Act! Wer bin ich?
Von Jamal Tuschick // 6. Juli 2017 // Tagged: Deutsches Kino, Dokumentation, featured // Keine Kommentare
Die Opferperspektive verweigern und Stärke gewinnen im Aktionsraum Theater – In “Act! wer bin ich?” dokumentiert Rosa von Praunheim die Arbeit der Theaterpädagogin Maike Plath im Berlin-Neuköllner Heimathafen
Nach einem Wort von Gottfried Benn, kommt das Beste in Deutschland aus Lehrer- und Pastorenhaushalten. Als Bastionen geordneten Daseins erschienen sie Königen vorbildlich. Das Programm steht noch. Es wird musiziert, auf andere geachtet. Man lässt sich nicht gehen. Man geht nicht über seine Mittel hinaus. Man verwittert in gesunden Schuhen. Ich male dem Genre Girlanden, weil es Rosa von Praunheims Dokumentation eine Folie für Kontraste bietet. In langen Passagen geht die Kamera mit den Eltern der Theaterpädagogin Maike Plath in einer norddeutschen Idylle spazieren. Die Mutter unterrichtete Sport, der Vater Musik an einem Gymnasium. In diesem Trutz wurde die Tochter zur Lehrerin. Die Liebe zu einem Mann, der Berlin braucht, versetzte sie nach Neukölln, wo sie an einer Hauptschule jedes Jahr ein neues Stück auf die Bühne brachte, bis man ihre Extratouren stoppte und sie mit Vorschriften einkreiste.

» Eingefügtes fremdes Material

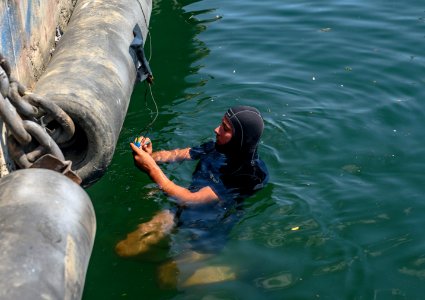 EODMU 8 Conducts Underwater Waterborne IED Drills During S… photo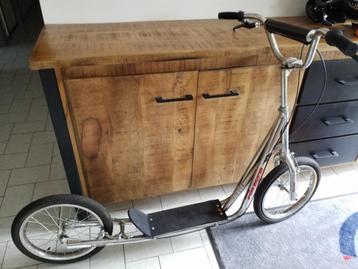 Trotinette nijdam beschikbaar voor biedingen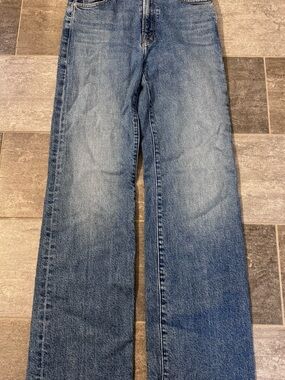 MOTHER women’s jeans, the kick it, tequila sunrise wash, size 25, has flaw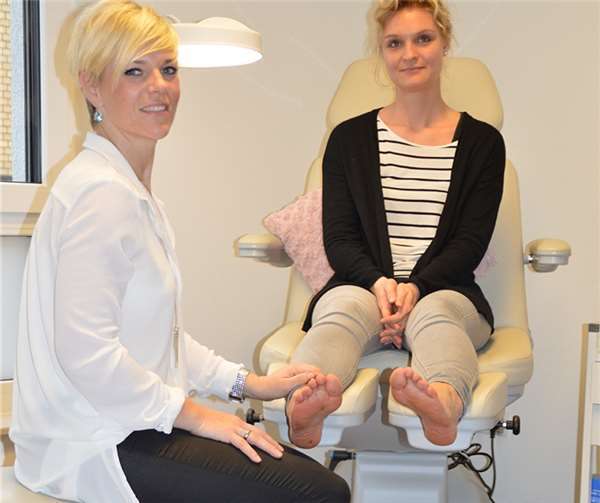 Perfekt abgerundet wird das Gesundheitsangebot von der Podologin Nicole Daraio, die im 2. Obergeschoss in ihren Praxisräumen medizinische Fußpflege anbietet.
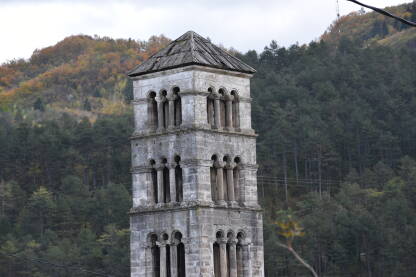 Toranj svetog Luke u Jajcu je srednjovjekovni spomenik, jedna od mnogih turističkih destinacija u ovom gradu. Mjesto na kojem je krunisan posljednji bosanski kralj.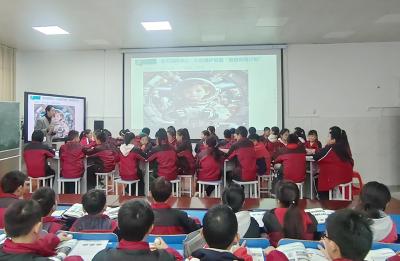 AI赋能科学课堂：房县实验小学课改研修让知识“活”起来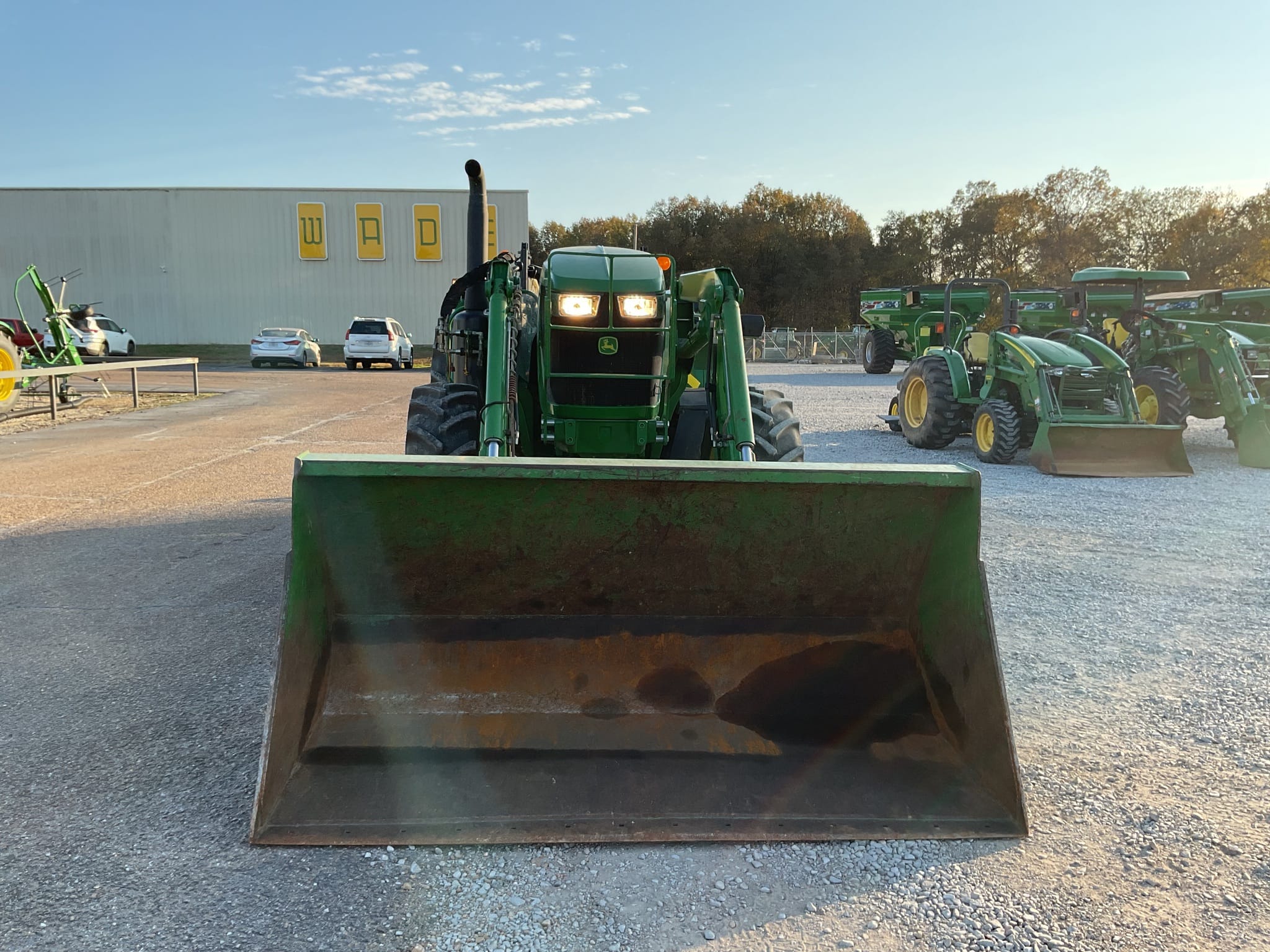 2020 John Deere 6105E Equipment Image0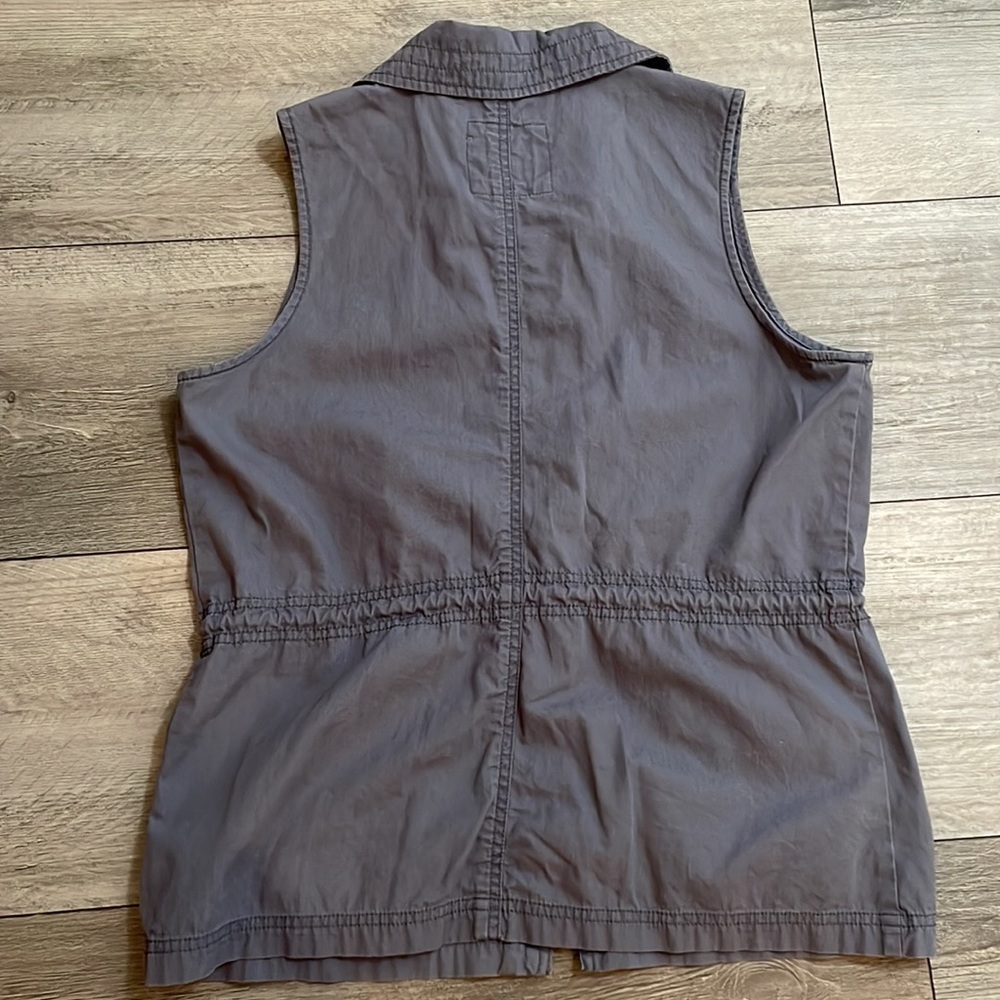 Gap, medium, utility vest, waist pull and ykk zipper - Picture 5 of 6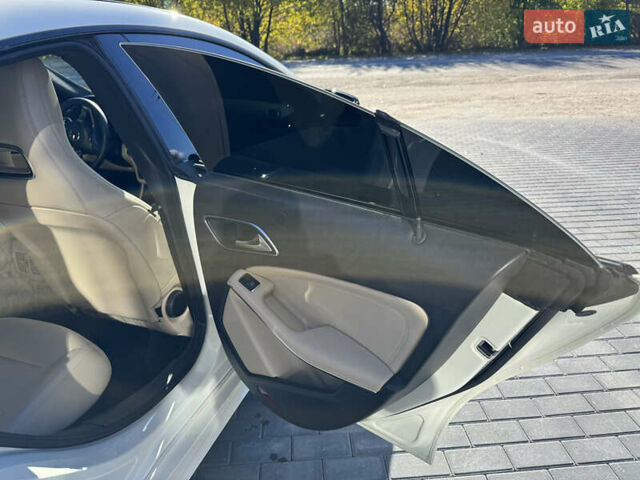 Белый Мерседес ЦЛА-класс, объемом двигателя 1.99 л и пробегом 177 тыс. км за 13500 $, фото 6 на Automoto.ua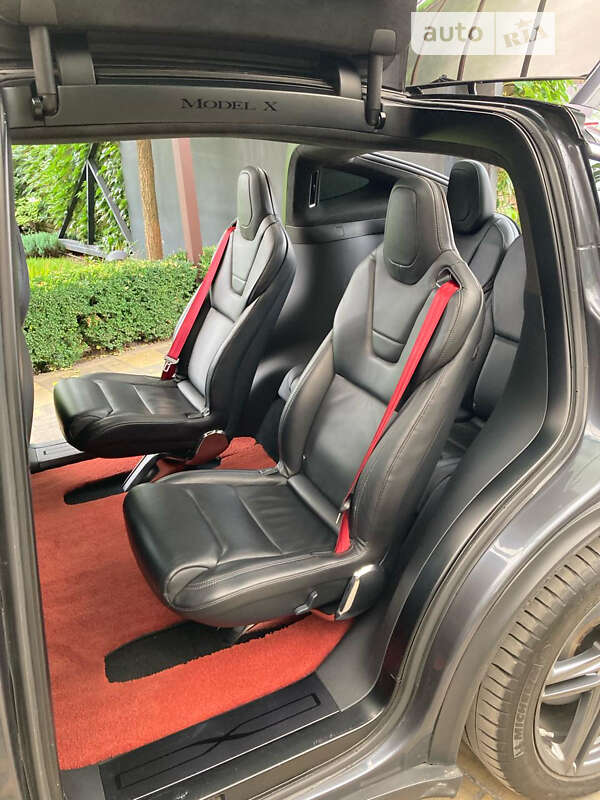 Позашляховик / Кросовер Tesla Model X 2017 в Києві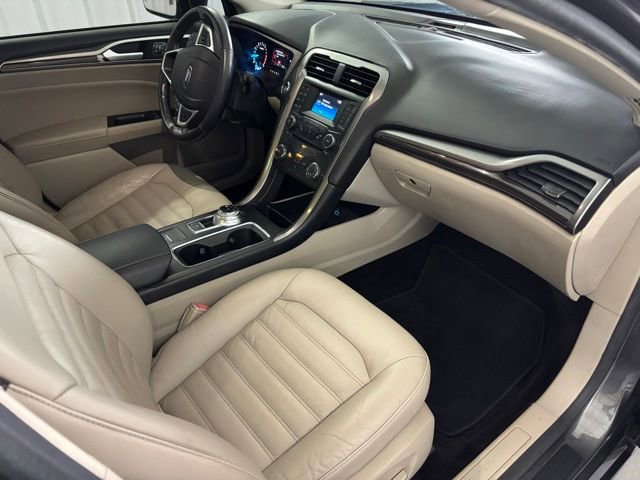 Used 2017 Ford Fusion SE image 25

Plath erwiderte die Angriffe auf ihre Empowerment Pädagogik mit einer Preisgabe der Beamtensicherheit. Mit einigen Schüler*innen zog sie als freie Pädagogin in den Neuköllner Heimathafen. Die Beendigung einer vorhersehbaren Laufbahn löste bei den Eltern Befremden aus. Sie verbergen das in Floskeln des Wohlwollens. Man stelle sich vor, jemand würde mit diesem Repertoire in Neukölln seinen Standpunkt für befestigt halten.
Plath verfolgte als Lehrerin den Ansatz des “partizipativen biografischen Theaterunterrichts”. In der Freiheit des Heimathafens hält sie daran fordernd fest. Ihre Elevinnen holen den Stoff jeder Produktion aus ihren Erfahrungsräumen. Gewalt und Ausgrenzung werden in der Bewältigung zu starken Motoren. Es geht darum, sich nicht kleinkriegen zu lassen, die Opferperspektive zu verweigern und dem Alltag einen poetischen Mehrwert abzuringen. Das Theater liefert Lebens- und Kampfmittel. Es widerspricht der Straße, die ins Gefängnis führt. Es versorgt die Spieler*innen mit Argumenten gegen die einfachen Lösungen des Faustrechts und die paternalistischen Zementierungen vorgefundener Verhältnisse. Praunheim zeigt Premierenszenen, in denen Eltern wie erlöst der Kraft ihrer Kinder applaudieren. Plaths Interventionstheater leitet durchgreifende Prozesse ein. Vermutlich entfesselt es Familien. Jedenfalls suggeriert die Dokumentation Grund zu Optimismus. Die Spieler*innen treten wie Geheilte auf. Manche äußern sich in Erwartung großer Karrieren. Andere finden es richtig, ihre Theaterleidenschaft mit Hinweisen auf ein sportliches Vermögen abzusichern. Für sie ist Schauspiel eine leichtathletische Disziplin. Gegebenenfalls markieren sie auch einen Gangster zur Illustration der Neuköllner Härte für zehn Euro Gage. Ein weiblicher Jungstar kolportiert den Gebietsjargon. Die Theatralisierung des sprachlichen Notstands erlaubt eine Distanzierung von trist-vertrauten Verhältnissen, ohne aus der Redundanzdeckung kommen zu müssen. Ich bewundere einen Zwölfjährigen, der Designer werden möchte und der Kamera Zeichnungen vorlegt, die mehr als nur ein unzerstörtes Innenleben bezeugen. Begabung schützt – mit überirdischem Selbstbewusstsein erläutert er seinen Lebensplan.